Olhei para ele, com simpatia, dada a convicção manifestada por um jovem de 18 anos de idade, mas não deixei de acrescentar: “Então não se esqueça que, para saber de futebol, é preciso saber mais do que futebol”.
O atual treinador do Real Madrid muitas vezes lembra o conselho que naquele momento me ocorreu e tem mesmo a generosidade de afirmar que nunca mais o esqueceu, ao longo da sua vida.

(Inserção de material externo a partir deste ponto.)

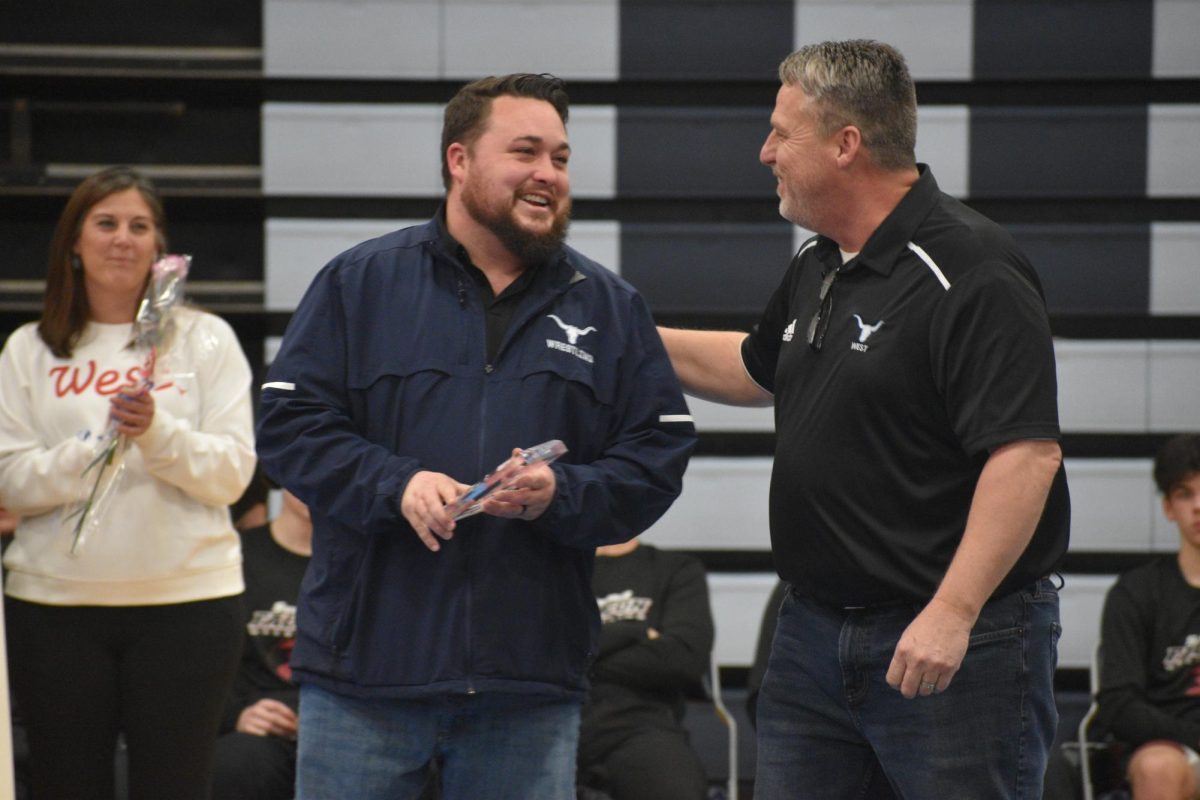 Laughing, boys wrestling head coach Zeke Allison and assistant coach Jeff Scholte celebrate their athletes on senior night. The two have coached together since the 2015-16 season. “I couldn’t get to those 100 wins if it wasn’t for the people that I coached with. My dad coached with me for a while. Right now, I got [assistant coaches] Murry Reich and Jeff Scholte, who’ve been with me most of the way. I definitely couldn’t have done it without those guys being in my corner,” Allison said.
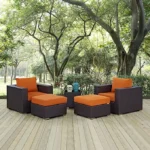 5-piece outdoor rattan sofa set in dark brown with vibrant orange cushions, including sofa, chairs, and coffee table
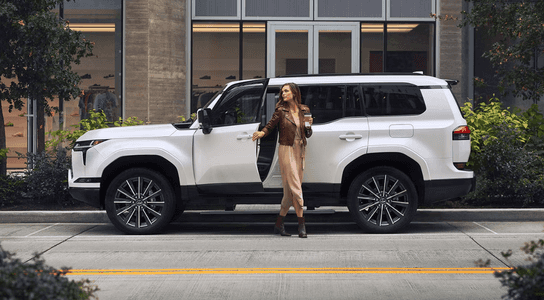 A person exiting the driver's side of the 2024 Lexus GX SUV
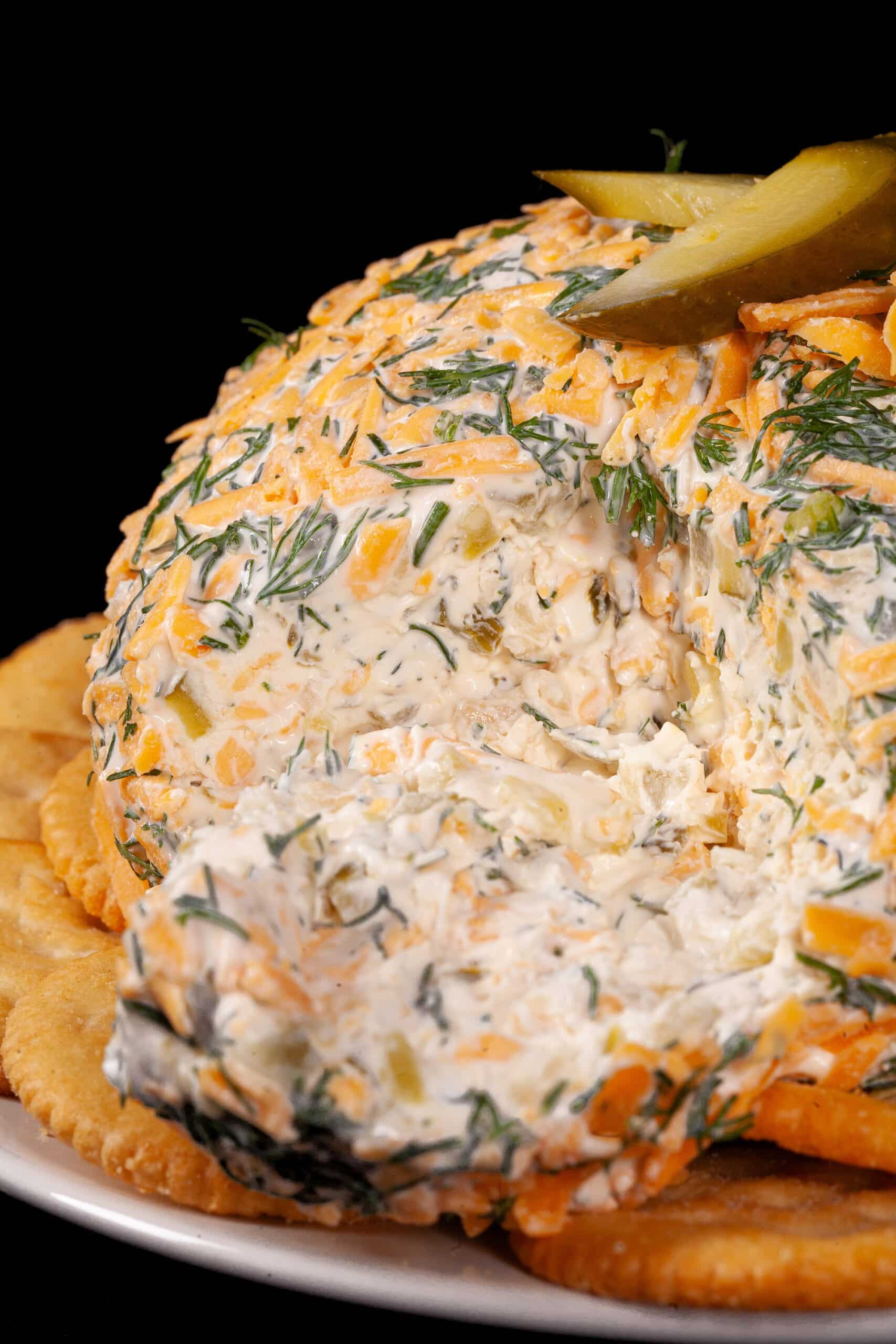 A round, cheese and dill covered dill pickle cheese ball on a plate with Ritz crackers.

No seu primeiro ano de treinador, no F.C. Porto e no primeiro livro de Luís Lourenço, sobre o seu amigo José Mourinho, não tive receio em escrever no prefácio que o José Mourinho estava para o treino como Pelé e Maradona para a prática do futebol.
Embora já me tenha enganado muitas vezes, desta vez não me enganei. Líder nato, inteligente, perspicaz, corajoso, em constante busca por mais informação e fazendo da sua equipa a sua segunda família – a aposta nos seus êxitos era um risco reduzido.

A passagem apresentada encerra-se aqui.